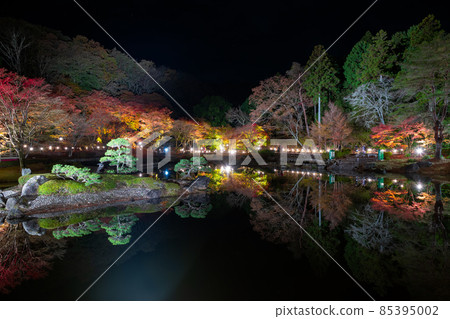 Shuzenji, Izu City, Shizuoka Prefecture, Rainbow Town, Illuminated Autumn Leaves, Reflection Shuzenji, Izu City, Shizuoka Prefecture, Rainbow Town, Illuminated Autumn Leaves, Reflection 85395002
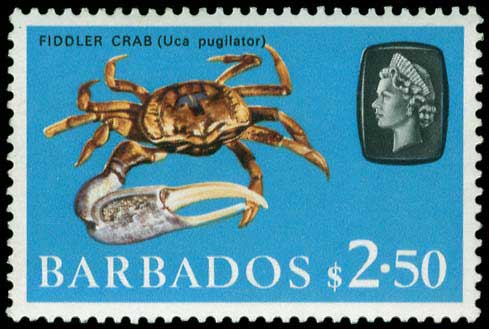 Lot 02099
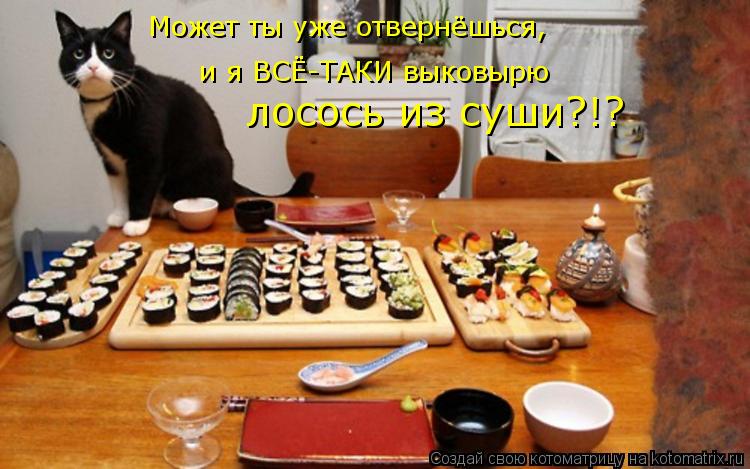 Котоматрица: Может ты уже отвернёшься, и я ВСЁ-ТАКИ выковырю лосось из суши?!?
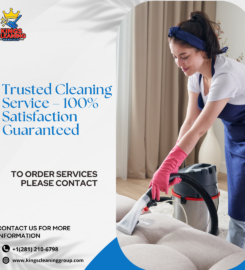 Professional Home Cleaning Services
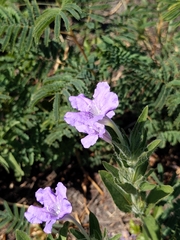 Ruellia humilis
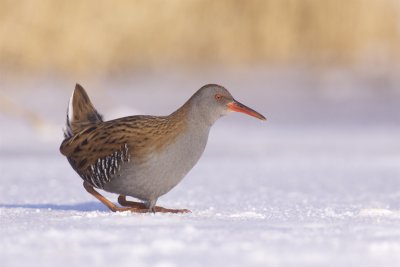 Water Rail - Rallus aquaticus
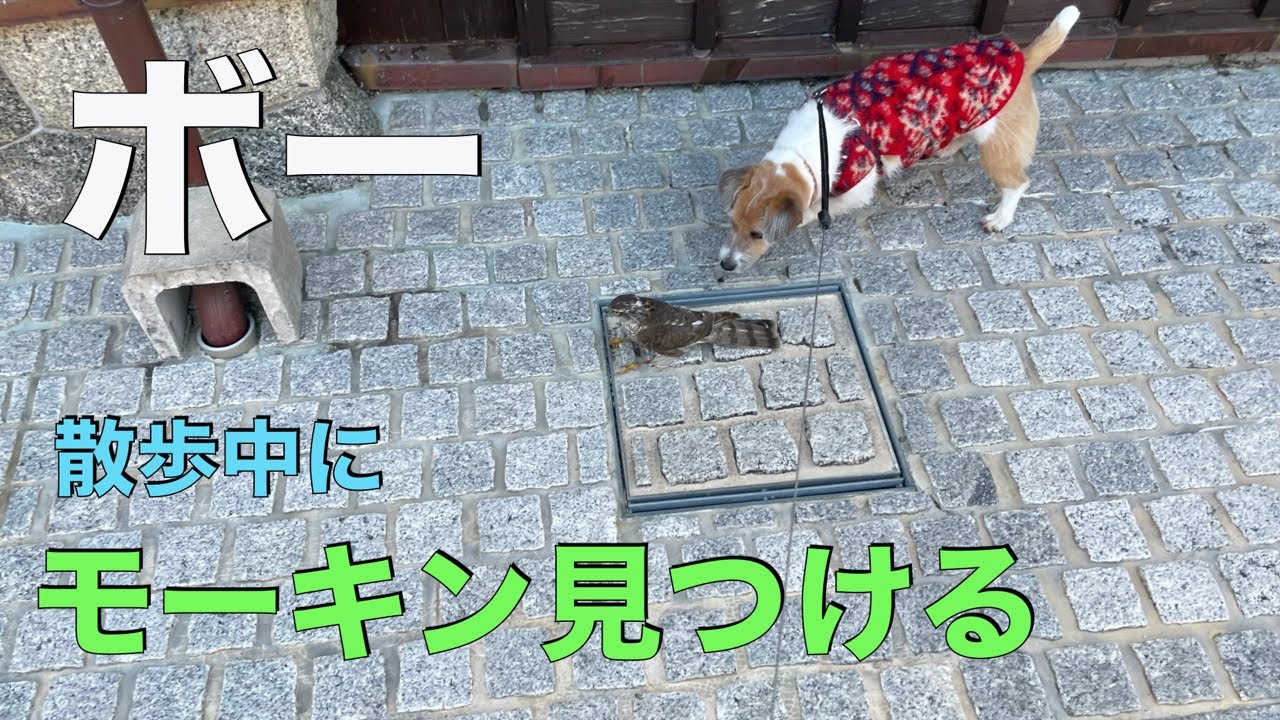 ボー猛禽類見つける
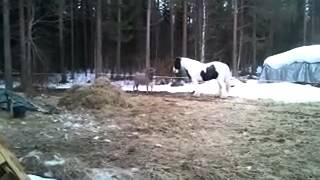 дружба лошадки и осла дружба лошадки и осла
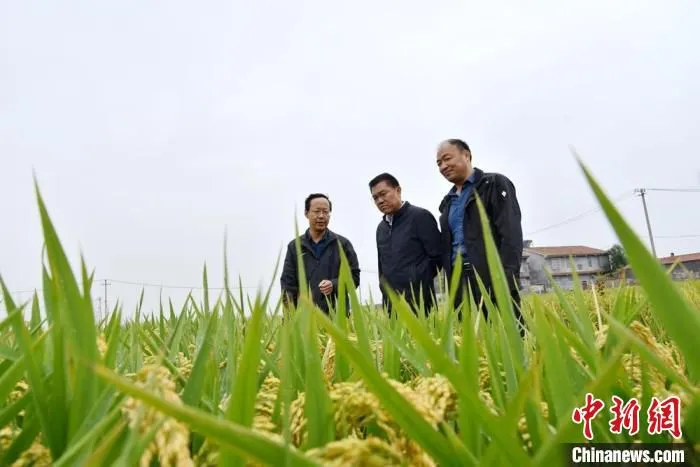 江苏农科院的农业专家在华山镇小史楼村复垦地块查看水稻长势。　朱志庚 摄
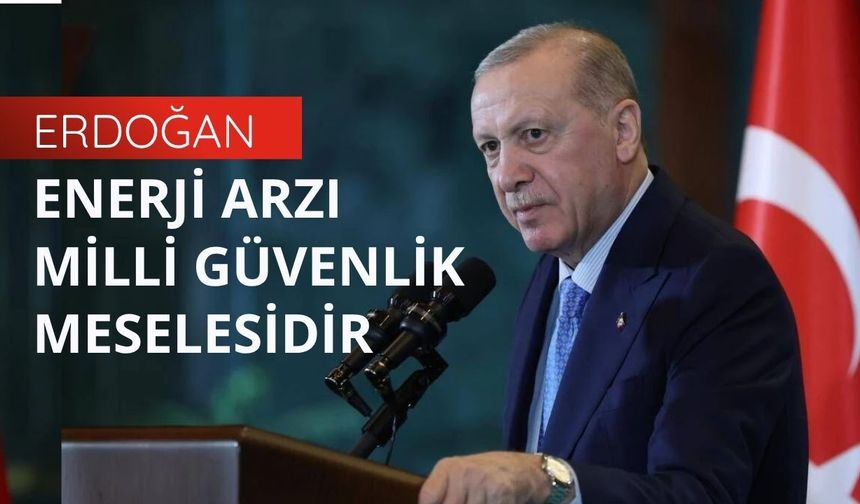 Erdoğan: Enerji arzı milli güvenlik meselesidir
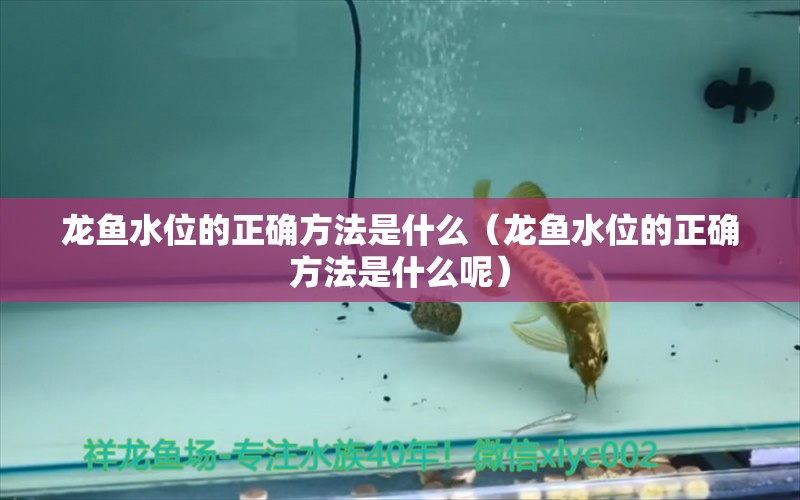 龍魚水位的正確方法是什么（龍魚水位的正確方法是什么呢）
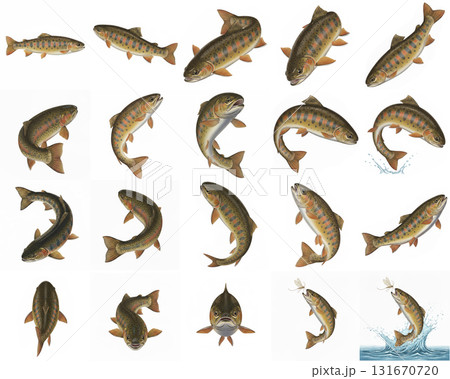 ヤマメ（山女魚）のイラストポーズ集 - 様々な角度と躍動感あふれる姿（白背景） 131670720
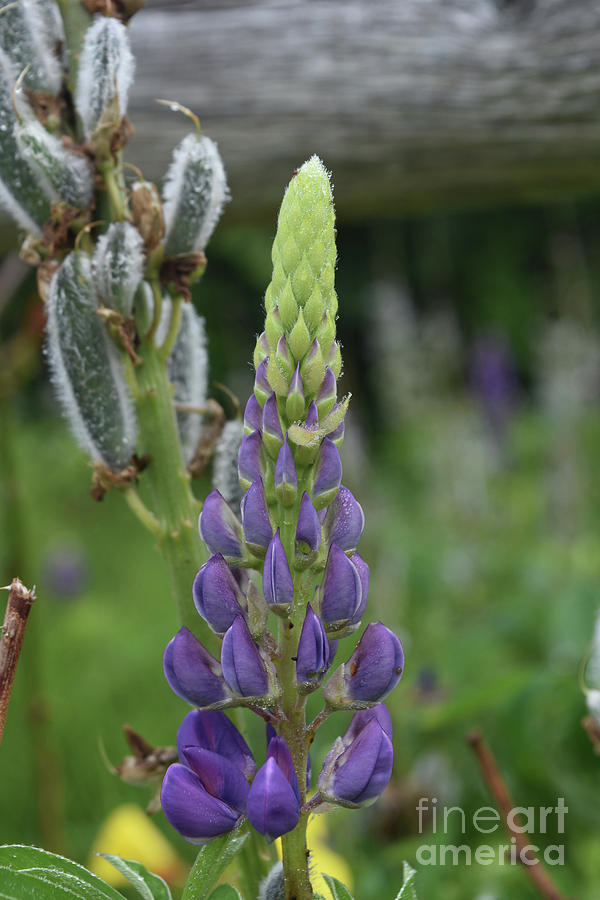 Budding and Blooming Purple Lupine Flowers in a Garden Photograph by DejaVu Designs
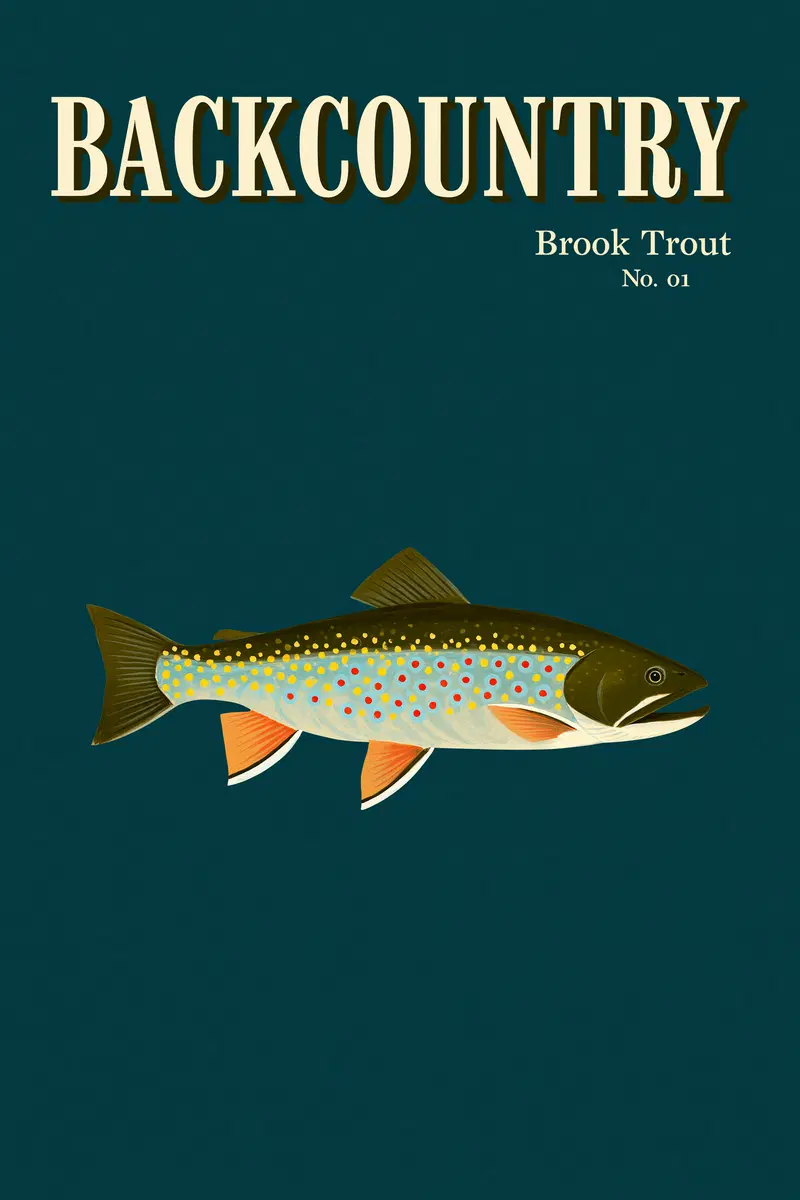 Vintage Wildlife Magazine Cover Featuring Brook Trout Illustration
════
PROMPT - Carry over each record above character for character, with the pictures left out.

TASK ANSWER -
 Shuzenji, Izu City, Shizuoka Prefecture, Rainbow Town, Illuminated Autumn Leaves, Reflection Shuzenji, Izu City, Shizuoka Prefecture, Rainbow Town, Illuminated Autumn Leaves, Reflection 85395002
 Lot 02099
 Котоматрица: Может ты уже отвернёшься, и я ВСЁ-ТАКИ выковырю лосось из суши?!?
 Professional Home Cleaning Services
 Ruellia humilis
 Water Rail - Rallus aquaticus
 ボー猛禽類見つける
 дружба лошадки и осла дружба лошадки и осла
 江苏农科院的农业专家在华山镇小史楼村复垦地块查看水稻长势。　朱志庚 摄
 Erdoğan: Enerji arzı milli güvenlik meselesidir
 龍魚水位的正確方法是什么（龍魚水位的正確方法是什么呢）
 ヤマメ（山女魚）のイラストポーズ集 - 様々な角度と躍動感あふれる姿（白背景） 131670720
 Budding and Blooming Purple Lupine Flowers in a Garden Photograph by DejaVu Designs
 Vintage Wildlife Magazine Cover Featuring Brook Trout Illustration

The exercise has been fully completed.